Baiju Bhatt, Aetherflux and the Promise — and Peril — of India’s Tech Moment as 2026 Nears
As the world edges toward 2026, a year widely expected to mark a new phase of technological acceleration, a striking contrast is emerging. On one side are audacious breakthroughs that promise to reshape energy, computing and artificial intelligence. On the other lies a turbulent geopolitical and economic landscape that threatens to blunt their impact — especially for countries like India. Few stories capture this tension better than that of Indian-American billionaire “Baiju Bhatt” and his radical new energy venture, Aetherflux.

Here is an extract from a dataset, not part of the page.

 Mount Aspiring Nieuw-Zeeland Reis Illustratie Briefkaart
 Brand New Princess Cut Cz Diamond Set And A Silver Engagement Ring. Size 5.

Aetherflux and the dream of solar power from space
Bhatt, best known as the co-founder of the commission-free trading platform “Robinhood”, is now chasing a far grander ambition: harvesting solar energy in space and beaming it down to Earth using precision lasers. His start-up, Aetherflux, is betting that advances in miniaturisation and launch capabilities have finally made space-based solar power viable.
The idea itself is not new. Scientists have floated it for decades, but earlier concepts required satellite arrays the size of small cities, rendering them impractical. Bhatt’s pitch is different. Aetherflux aims to deploy relatively compact spacecraft capable of transmitting energy to small, ground-based receiving stations. If successful, this could bypass many of the land-use, intermittency and storage challenges that plague terrestrial solar power.
The first major test is imminent. Bhatt plans to attach a demonstration spacecraft to a “SpaceX” rocket by mid-2026. He is candid about the risks. Once launched, there is no room for error — no second chances to fix a loose bolt in orbit. Yet it is precisely this willingness to attempt the improbable that has drawn comparisons with “Elon Musk”.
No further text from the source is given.